• [Work instructions] In your copy, include every entry exactly as written but no pictures.

Data extracted from a collection
:::

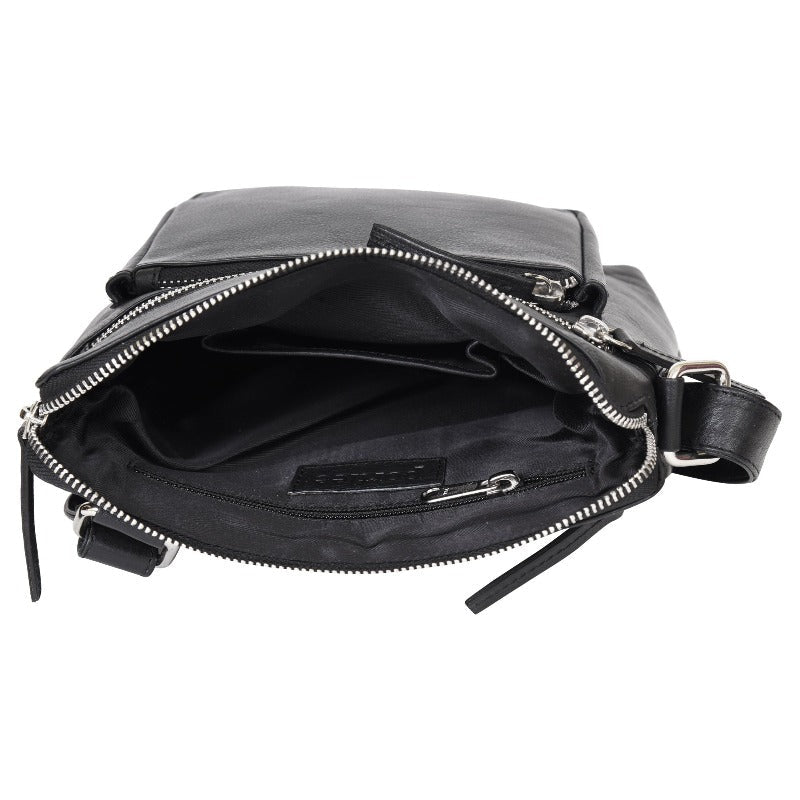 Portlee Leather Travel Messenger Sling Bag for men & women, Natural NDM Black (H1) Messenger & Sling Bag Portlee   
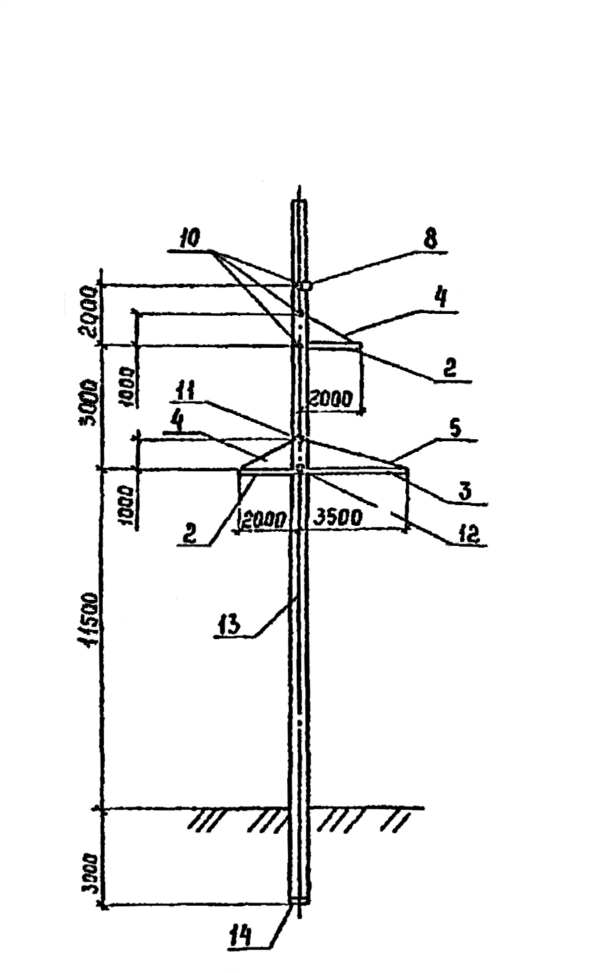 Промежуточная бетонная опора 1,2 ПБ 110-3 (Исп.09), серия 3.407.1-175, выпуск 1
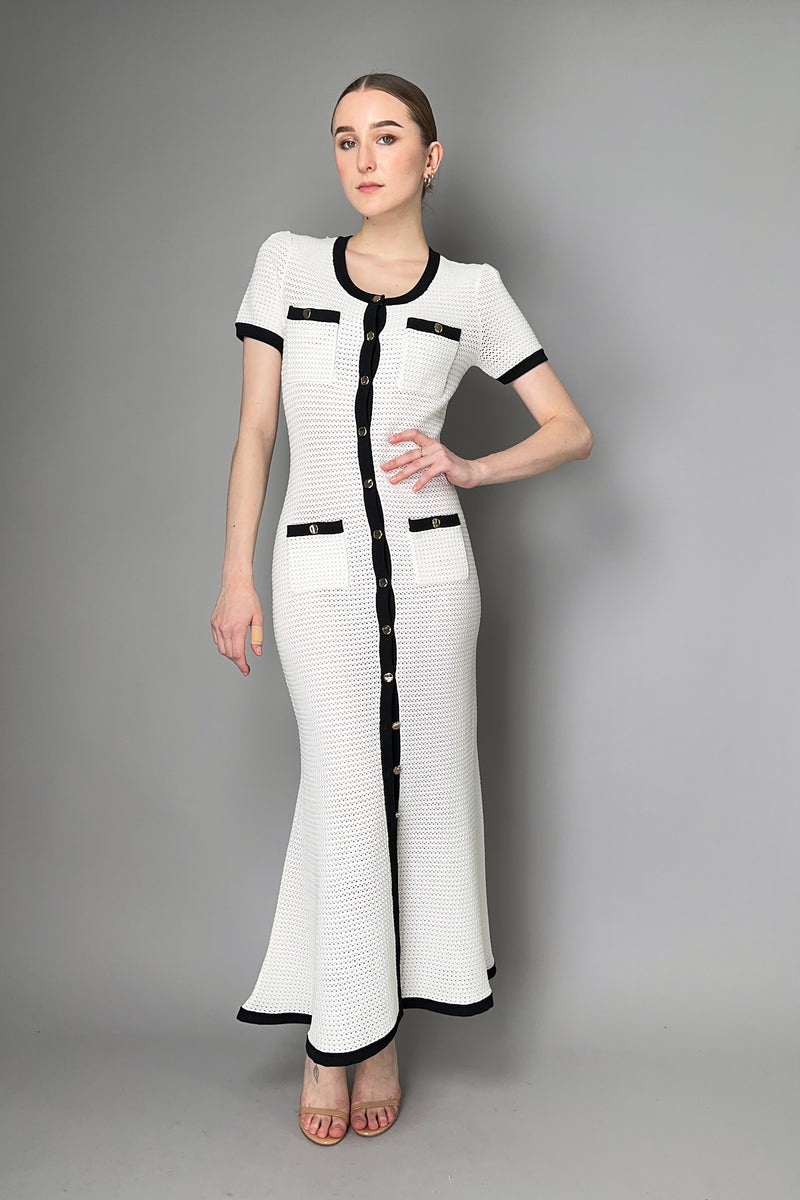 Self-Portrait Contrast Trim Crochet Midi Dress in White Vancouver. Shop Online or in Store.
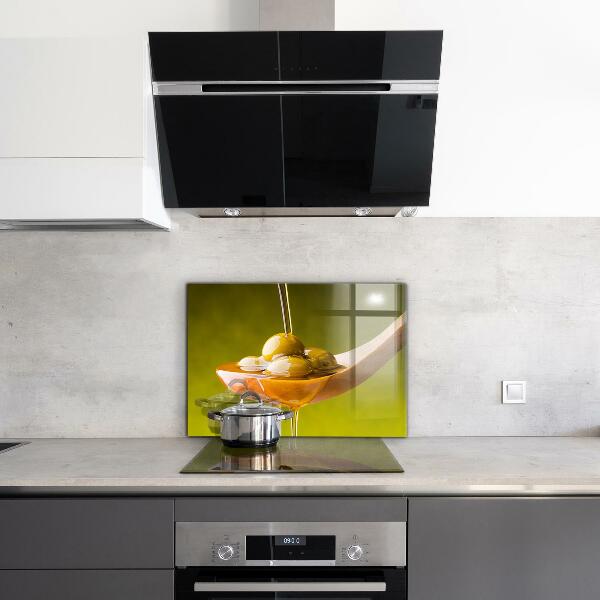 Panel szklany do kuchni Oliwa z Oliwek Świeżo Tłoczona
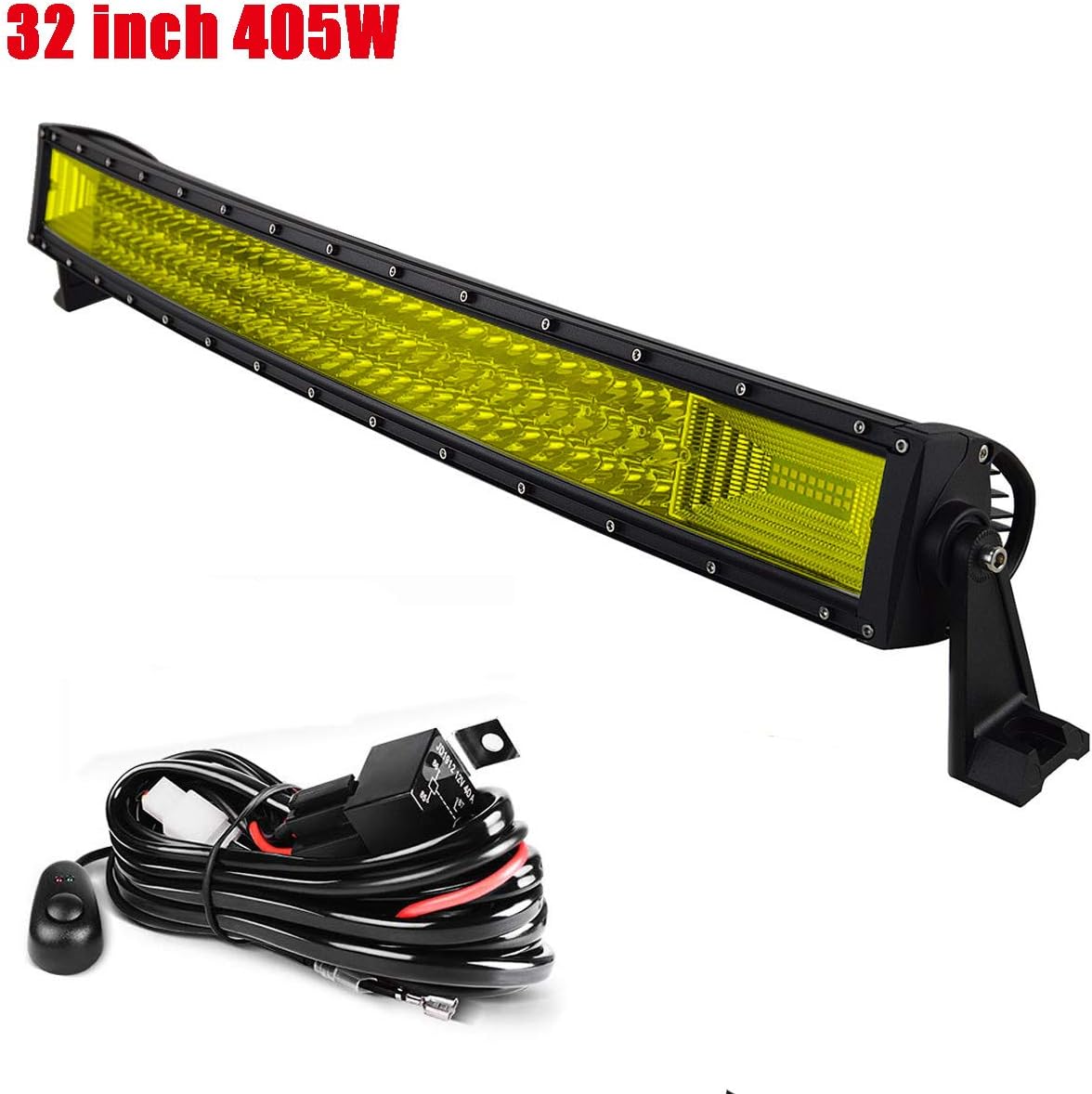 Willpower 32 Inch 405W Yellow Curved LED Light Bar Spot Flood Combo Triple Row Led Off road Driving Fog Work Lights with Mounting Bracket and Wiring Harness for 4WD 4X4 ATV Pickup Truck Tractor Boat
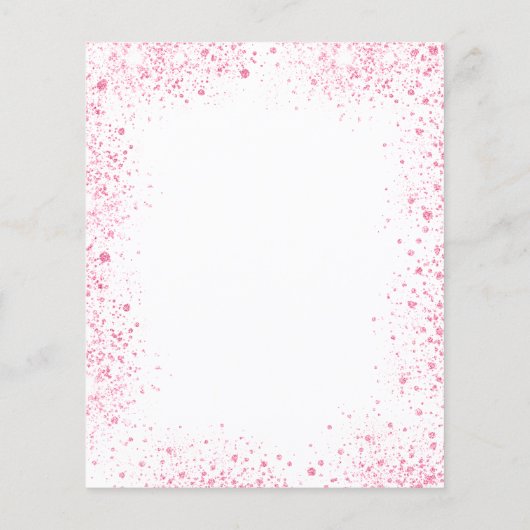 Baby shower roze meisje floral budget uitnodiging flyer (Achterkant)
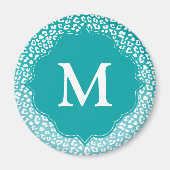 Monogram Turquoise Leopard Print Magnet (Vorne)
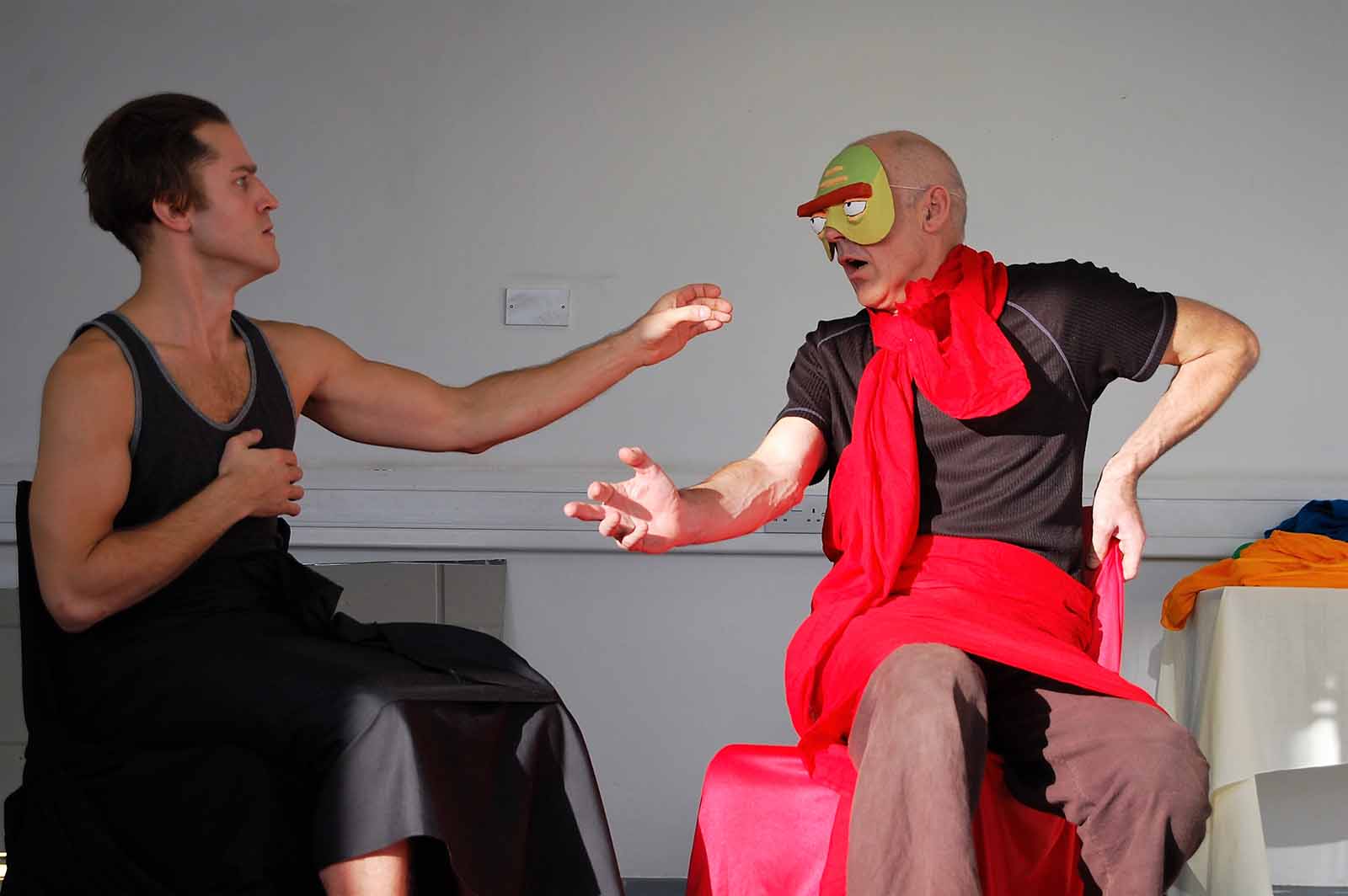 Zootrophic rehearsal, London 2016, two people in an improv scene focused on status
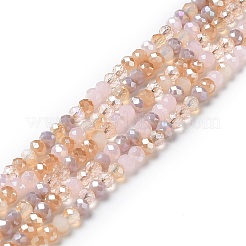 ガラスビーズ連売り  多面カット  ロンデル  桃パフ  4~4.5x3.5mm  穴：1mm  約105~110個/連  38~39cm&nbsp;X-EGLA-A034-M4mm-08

:::

• [Expected output]
 Portlee Leather Travel Messenger Sling Bag for men & women, Natural NDM Black (H1) Messenger & Sling Bag Portlee   
 Промежуточная бетонная опора 1,2 ПБ 110-3 (Исп.09), серия 3.407.1-175, выпуск 1
 Self-Portrait Contrast Trim Crochet Midi Dress in White Vancouver. Shop Online or in Store.
 Panel szklany do kuchni Oliwa z Oliwek Świeżo Tłoczona
 Willpower 32 Inch 405W Yellow Curved LED Light Bar Spot Flood Combo Triple Row Led Off road Driving Fog Work Lights with Mounting Bracket and Wiring Harness for 4WD 4X4 ATV Pickup Truck Tractor Boat
 Baby shower roze meisje floral budget uitnodiging flyer (Achterkant)
 Monogram Turquoise Leopard Print Magnet (Vorne)
 Zootrophic rehearsal, London 2016, two people in an improv scene focused on status
 ガラスビーズ連売り  多面カット  ロンデル  桃パフ  4~4.5x3.5mm  穴：1mm  約105~110個/連  38~39cm&nbsp;X-EGLA-A034-M4mm-08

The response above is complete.